ETFC did a reverse 1:10 stock split in June 2010, which is the reason that my basis is so high per share. As a result of the split I went from owning 800 shares to 80 shares of ETFC. I pondered just outright selling the remaining 80 shares for awhile. However, with all of the apparently good news on ETFC at the time, I decided to purchase an additional 20 shares in July 2010 to bring my holdings in this account to 100 so that I can continue to sell Covered Calls. The new shares were purchased at a net cost of $15 per share. I then added 100 shares at 16.20 as the result of a Put assignment last week, which reduced my average basis considerably. So as along as I can sell Covered Calls above the 16 strike price I will probably continue to do so…except that I sold below that this time…again.
S&P currently has a 12 month price target of $9.00, down from $15.00 last October, and continues its Buy rating as of 12/17/11. Market Edge Second Opinion price opinion is now $8.91, down from a previous $9.11 and now has a Neutral opinion. The 11 Yahoo! Analysts currently have a 12 month price target of $10.88, down from an earlier $12.53, and a 2.9 rating where 1.0 is a Strong Buy and 5.0 is a Strong Sell.
October 24th, 2011 at 12:34 pm
Today, 10/24/11 I sold 2 ETFC Dec11 13 Covered Call for a net deposit of $70.48 in an IRA account. My basis for these ETFC shares is now 85.18. This transaction represents a simple return of about .41% and an annualized return of about 1.71% on my prior basis. Not a great return by any means but it felt better than just outright selling the stock at this time. Another way to look at this is that this transaction represents a simple return of about 3.32% and an annualized return of about 13.77% on the current value of my ETFC shares. In other words, I would need to have a return that high or higher before it would make sense to sell ETFC and move the money elsewhere. The alternative investment analysis is always worth considering before just dumping a stock and moving on…at least in my opinion.
I selected the Dec11 expiration month because it returned a reasonable annualized return at the $13 strike price. I determined to use the $13 strike based upon the various analyst 12 month price opinions. I am tending to place a little more value on the Yahoo Analyst’s average recommendation. I am confident that I can roll these Calls out and up if necessary.
ETFC did a reverse 1:10 stock split in June 2010, which is the reason that my basis is so high per share. As a result of the split I went from owning 800 shares to 80 shares of ETFC. I pondered just outright selling the remaining 80 shares for awhile. However, with all of the apparently good news on ETFC at the time, I decided to purchase an additional 20 shares in July 2010 to bring my holdings in this account to 100 so that I can continue to sell Covered Calls.
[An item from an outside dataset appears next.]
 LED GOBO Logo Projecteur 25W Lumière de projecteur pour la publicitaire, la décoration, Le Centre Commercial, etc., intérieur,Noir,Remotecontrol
The new shares were purchased at a net cost of $15 per share. I then added 100 shares at 16.20 as the result of a Put assignment last week which reduced my average basis considerably. So as along as I can sell Covered Calls above the 16 strike price I will probably continue to do so…except that I sold below that this time.
Thomson Reuters has a Negative rating on ETFC as of 10/21/11. S&P currently has a 12 month price target of $15.00, down from $19.00 last May, and continues its Buy rating as of 10/21/11. Market Edge Second Opinion price opinion is now $9.11, down from a previous $16.30 and now has an Avoid opinion. The 13 Yahoo! Analysts currently have a 12 month price target of $12.35, down from an earlier $17.64, and a 2.7 rating where 1.0 is a Strong Buy and 5.0 is a Strong Sell.